It was my second class of Marketing, everything was hazy, not actually because of the professor's lecture , but because my mind was not there in the class instead it was roaming around the globe, standing a witness to my dreams. I had just started enjoying my future when suddenly I heard someone say “ your wife is your customer and if you don't satisfy your customer someone else will”, now I generally do not listen to the professor when I am dreaming but this statement was interesting. Now those of you getting weird ideas, hold you horses, its not as bad as it sounds :-).
It was in that 90 minutes that I realized the importance and meaning of the statement. If we believe in it and act accordingly we would not only make people happy around us but would also help our self to lead a happy life.
Let me explain, ask any successful company what is there prime objective and they would say “to satisfy our customers” , and then ask the same to a company suffering losses and they would say “ to make profits”.

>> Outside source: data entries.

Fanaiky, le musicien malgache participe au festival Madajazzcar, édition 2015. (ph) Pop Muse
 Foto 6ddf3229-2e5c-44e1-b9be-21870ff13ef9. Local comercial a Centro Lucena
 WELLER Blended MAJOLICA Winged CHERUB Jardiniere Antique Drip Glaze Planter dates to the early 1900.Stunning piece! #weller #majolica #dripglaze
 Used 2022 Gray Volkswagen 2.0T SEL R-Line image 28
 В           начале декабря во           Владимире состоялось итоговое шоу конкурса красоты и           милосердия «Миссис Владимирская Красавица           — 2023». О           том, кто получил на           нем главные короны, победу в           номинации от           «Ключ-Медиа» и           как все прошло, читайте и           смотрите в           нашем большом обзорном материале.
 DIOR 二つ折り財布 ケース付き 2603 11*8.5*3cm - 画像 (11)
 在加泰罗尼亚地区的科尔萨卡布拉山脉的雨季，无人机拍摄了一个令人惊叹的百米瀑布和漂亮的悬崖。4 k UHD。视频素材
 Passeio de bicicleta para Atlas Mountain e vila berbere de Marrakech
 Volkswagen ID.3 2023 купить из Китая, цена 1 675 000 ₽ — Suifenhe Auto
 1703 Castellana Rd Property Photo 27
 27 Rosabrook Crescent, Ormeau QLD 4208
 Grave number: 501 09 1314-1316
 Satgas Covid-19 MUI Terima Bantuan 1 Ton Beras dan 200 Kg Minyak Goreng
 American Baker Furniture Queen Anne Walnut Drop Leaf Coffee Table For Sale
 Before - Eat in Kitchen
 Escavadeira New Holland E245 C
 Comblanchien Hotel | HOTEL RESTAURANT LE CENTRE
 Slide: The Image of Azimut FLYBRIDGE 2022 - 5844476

I know it sounds a bit weird to any non marketing person, but try to understand any company can make profits only if its customers are happy
hence if a company functions as if its only motive is to satisfy its customer then profit follows automatically but if it only runs behind profits then it forgets to fulfill the needs of its customer in the long run. Of course it does not mean that the company should NOT be concerned about profits – after all one has to be pragmatic.
Now let us apply the same to relationships, I am sure all of us acknowledge the fact that all relations basically function in the principle of give and take, now I know some of you will not accept this sentence and would quote examples of a couple or the relation of mother and son, but think again are these completely selfless relations, don't u expect your husband/wife to be loyal to you, don't you expect certain level of love from your partner? Doesn't a mother expect certain respect and love from her son? doesn't a son expect love and care from his mother? and if this expectations are not satisfied the person seeks the same from elsewhere.
So I hope you agree that all relations are actually give and take. Now once this is said, let me define a customer , as per my professor anyone whom you give something either in product or service is you customer.
By this analogy our friends are our customers as we offer them help, emotional support , and much more in the form of friendship, by the same analogy you would find all the relations around us are basically customers, and hence if we do not satisfy there needs they would go to some other person, for example if you do not satisfy the basic needs of your friend like helping him/her in time of need, giving him/her the emotional comfort of a friend, he/she would find an alternative friend. Its as simple as that.
The moment each one of us start thinking this way, we would make everyone around us happy, and since they would also treat us the same, we would also be happy. But the problem is that we only focus only on ourselves, we want to satisfy our desires, and hence end up hurting others and eventually ourselves. The sooner we realize this fact the better our personnel life would be.